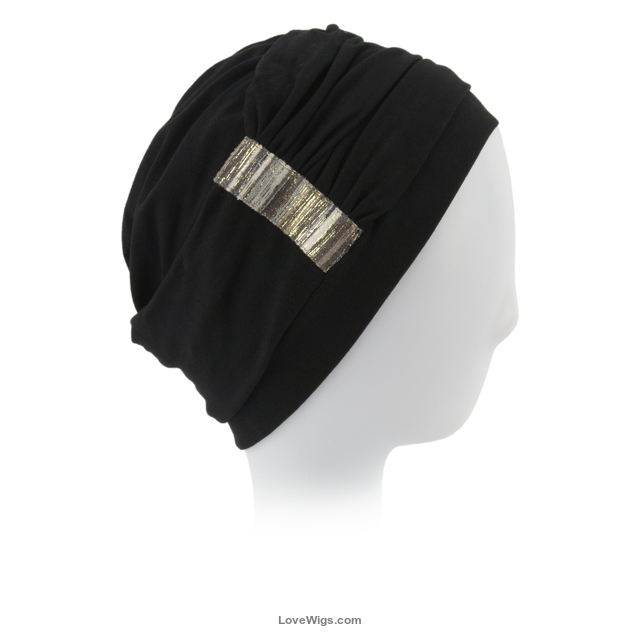 TURBAN HOLLYWOOD # B21+A16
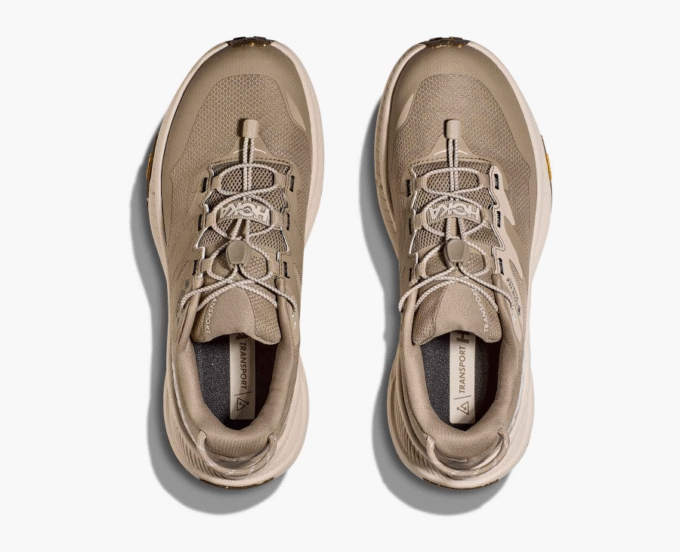 HOKA Transport Chukka GTX HOKA Transport Chukka GTX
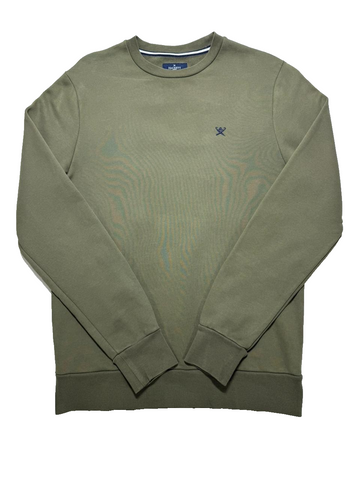 Hackett London Classic Fit Sweatshirt | Size: XS
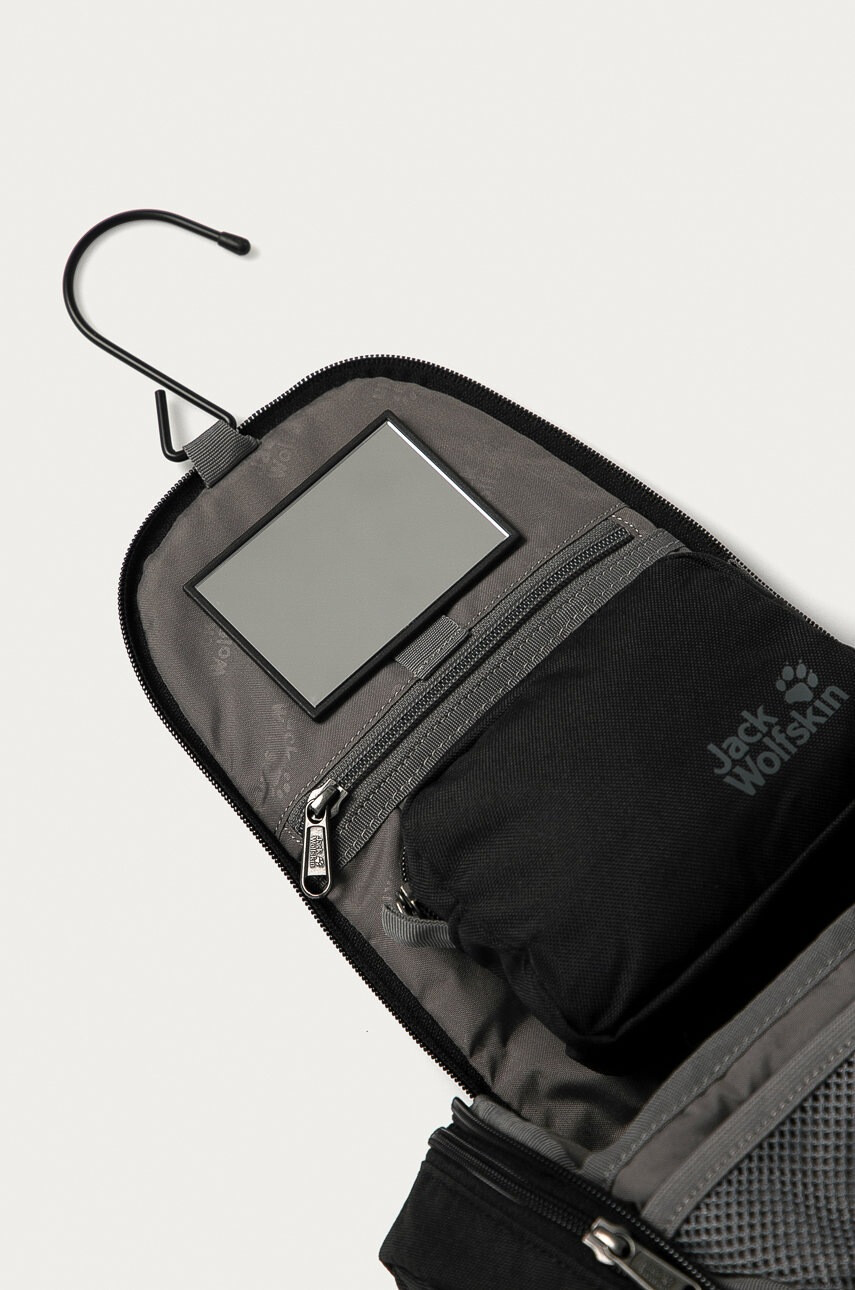 Jack Wolfskin Козметична чанта - Pepit.bg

- **How to complete this task**: Any picture in the listing is to be omitted. Return exactly the lines from the one containing "Hackett London Classic" through its last line, both included, and only those.

- **Response to the task**:
 Hackett London Classic Fit Sweatshirt | Size: XS
 Jack Wolfskin Козметична чанта - Pepit.bg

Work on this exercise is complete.